[Material to process]

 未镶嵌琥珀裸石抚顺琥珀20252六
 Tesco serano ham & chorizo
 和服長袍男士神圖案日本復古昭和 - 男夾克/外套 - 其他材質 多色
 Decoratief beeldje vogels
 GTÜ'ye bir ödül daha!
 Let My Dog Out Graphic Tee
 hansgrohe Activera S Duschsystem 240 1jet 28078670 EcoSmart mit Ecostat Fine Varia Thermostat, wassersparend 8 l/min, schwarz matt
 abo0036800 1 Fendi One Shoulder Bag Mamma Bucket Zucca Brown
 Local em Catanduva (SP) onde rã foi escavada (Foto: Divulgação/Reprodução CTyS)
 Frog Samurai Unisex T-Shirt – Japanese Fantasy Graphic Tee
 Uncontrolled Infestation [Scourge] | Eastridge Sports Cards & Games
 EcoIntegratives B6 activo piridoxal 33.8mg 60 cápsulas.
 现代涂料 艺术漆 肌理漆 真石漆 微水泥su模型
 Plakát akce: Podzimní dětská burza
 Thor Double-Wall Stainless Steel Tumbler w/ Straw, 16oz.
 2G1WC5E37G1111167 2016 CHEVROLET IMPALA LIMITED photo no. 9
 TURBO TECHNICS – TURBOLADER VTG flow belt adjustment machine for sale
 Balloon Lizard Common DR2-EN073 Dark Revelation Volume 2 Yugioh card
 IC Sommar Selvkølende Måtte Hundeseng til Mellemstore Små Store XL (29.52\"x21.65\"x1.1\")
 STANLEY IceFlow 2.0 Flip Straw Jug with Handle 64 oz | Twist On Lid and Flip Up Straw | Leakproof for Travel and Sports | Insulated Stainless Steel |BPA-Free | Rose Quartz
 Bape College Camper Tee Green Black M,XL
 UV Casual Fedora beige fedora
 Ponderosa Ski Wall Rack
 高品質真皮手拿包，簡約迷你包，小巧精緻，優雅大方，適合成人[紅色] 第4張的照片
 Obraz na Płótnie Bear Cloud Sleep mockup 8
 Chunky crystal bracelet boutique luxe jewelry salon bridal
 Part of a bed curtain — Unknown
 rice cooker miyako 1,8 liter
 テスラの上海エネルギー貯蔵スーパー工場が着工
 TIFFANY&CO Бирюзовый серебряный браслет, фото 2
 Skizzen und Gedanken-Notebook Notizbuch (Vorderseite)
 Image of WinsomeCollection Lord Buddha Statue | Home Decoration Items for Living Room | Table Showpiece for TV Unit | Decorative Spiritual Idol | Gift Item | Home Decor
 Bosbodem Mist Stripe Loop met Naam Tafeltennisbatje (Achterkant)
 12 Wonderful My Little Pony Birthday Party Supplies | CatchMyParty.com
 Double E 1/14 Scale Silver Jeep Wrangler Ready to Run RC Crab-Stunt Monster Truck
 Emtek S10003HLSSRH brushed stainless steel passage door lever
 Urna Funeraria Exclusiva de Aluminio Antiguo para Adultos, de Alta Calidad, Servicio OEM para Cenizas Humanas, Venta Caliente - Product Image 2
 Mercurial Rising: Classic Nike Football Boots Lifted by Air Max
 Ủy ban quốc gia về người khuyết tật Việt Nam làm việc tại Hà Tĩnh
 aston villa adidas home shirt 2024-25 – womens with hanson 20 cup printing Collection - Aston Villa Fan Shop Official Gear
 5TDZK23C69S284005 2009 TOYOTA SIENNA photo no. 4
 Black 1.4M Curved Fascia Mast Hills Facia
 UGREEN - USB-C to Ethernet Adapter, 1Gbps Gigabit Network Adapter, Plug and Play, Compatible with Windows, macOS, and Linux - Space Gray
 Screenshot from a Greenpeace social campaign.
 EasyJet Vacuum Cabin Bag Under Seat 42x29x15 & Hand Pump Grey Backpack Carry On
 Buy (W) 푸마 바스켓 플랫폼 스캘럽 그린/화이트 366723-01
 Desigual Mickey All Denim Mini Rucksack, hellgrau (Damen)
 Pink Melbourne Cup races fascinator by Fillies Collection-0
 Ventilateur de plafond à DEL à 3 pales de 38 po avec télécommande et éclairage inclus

[/Material to process]

# [Work to be completed]
Lines holding the word "Wall" in the records above: how many are there? Answer with the number only.

# [Result of the task]
2